Former Lowell Cop Cleared in Community College Training Probe
HAVERHILL -- Shortly after former Lowell police officer resigned from his post running the police academy at Northern Essex Community College in August under a cloud of controversy, the school began investigating an allegation that Fleming improperly held onto weekly cash dues from recruits without documenting how the money was spent.
Two months later, an investigation by the Haverhill Police Department concluded that was not the case, NECC announced in a Friday statement.
“The collection of dues from recruits by their academy class officers was consistent with similar practices at the other Massachusetts police academies,” NECC wrote in the statement, provided to The Sun by spokesperson Ernie Greenslade. “The department found no evidence that the dues were subject to misuse or misappropriation by either the class officers or academy staff.”
In early August, Fleming, then director of NECC’s police academy, paid a $5,000 state fine for recommending the school purchase equipment for recruits from Lowell’s All Sports Heroes, where he worked part-time. His actions violated the state’s conflict-of-interest law. Fleming resigned from the school several weeks later.
Later in August, Cynthia Martinez of Haverhill, a former cadet from NECC’s academy, told The Eagle-Tribune that she had concerns about how Fleming handled tens of thousands of dollars in class dues that she collected. Martinez said at the time that, as treasurer of the class, she gave about $11,000 worth of dues to academy staff but that Fleming only discussed how $4,000 was spent and did not provide any other accounting documentation.
“I asked numerous times about the invoices,” Martinez told The Eagle-Tribune. “Nothing was provided to me. I asked Fleming, ‘When will I get proof of what the class dues are being spent on?’ There was no accounting.”
After Martinez’s comments were published, NECC announced it was investigating her allegations.
On Friday, the school said in a statement that police could find no evidence of wrongdoing with regard to class dues.

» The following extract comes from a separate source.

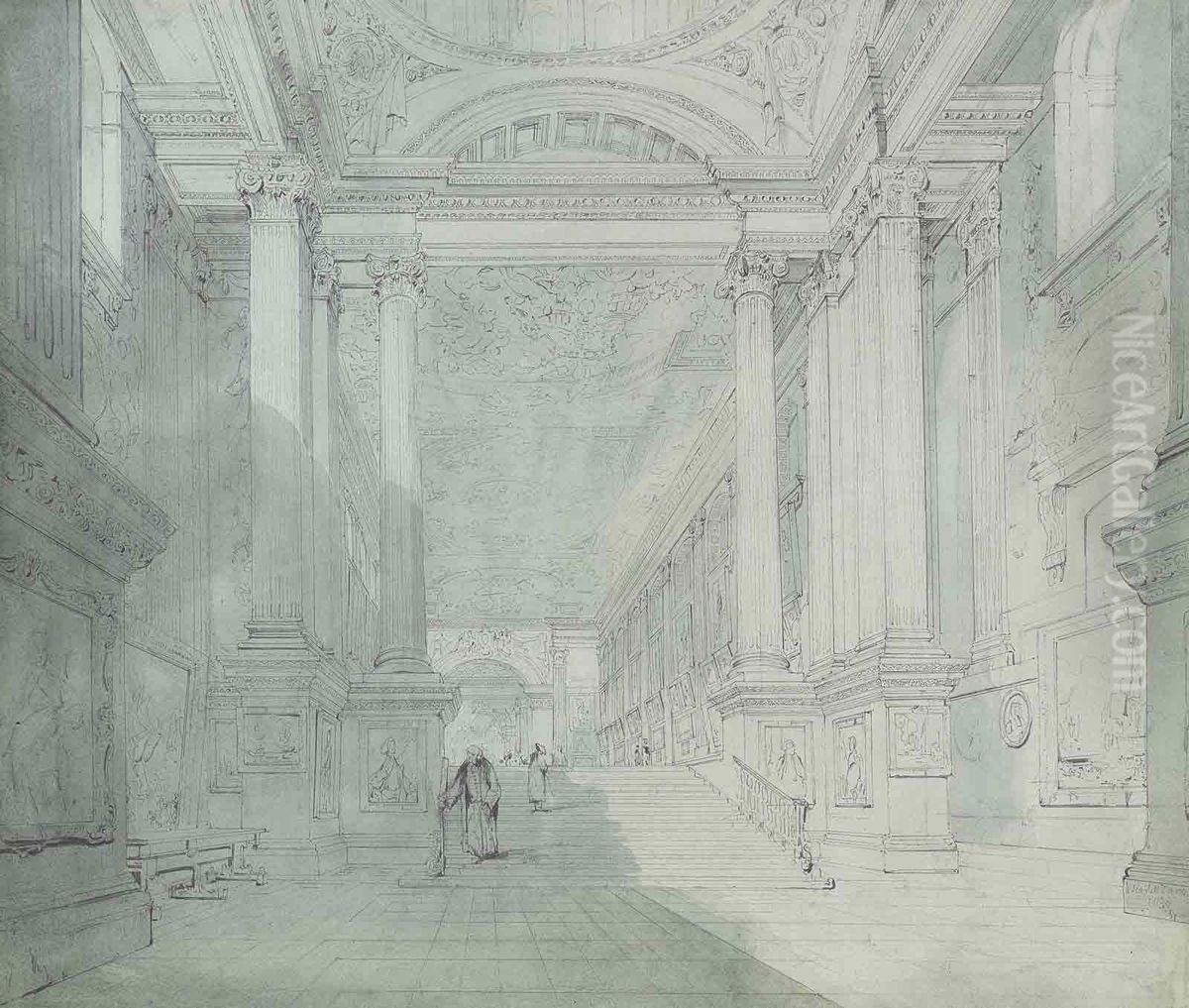 The Painted Hall, Greenwich Oil Painting by John Scarlett Davis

However, NECC plans to implement new practices in the future, including a requirement that dues be deposited in a college account and managed in the same way that other student organization accounts are.
“We are proud of the academy, the quality of the training we are providing the state’s future police officers, and the service and accessibility we are able to deliver to the police departments in our local cities and towns,” NECC said in its statement.
In 2014, Fleming retired after three decades in the Lowell Police Department amid a promotion exam scandal and using a prohibited electronic device during the test.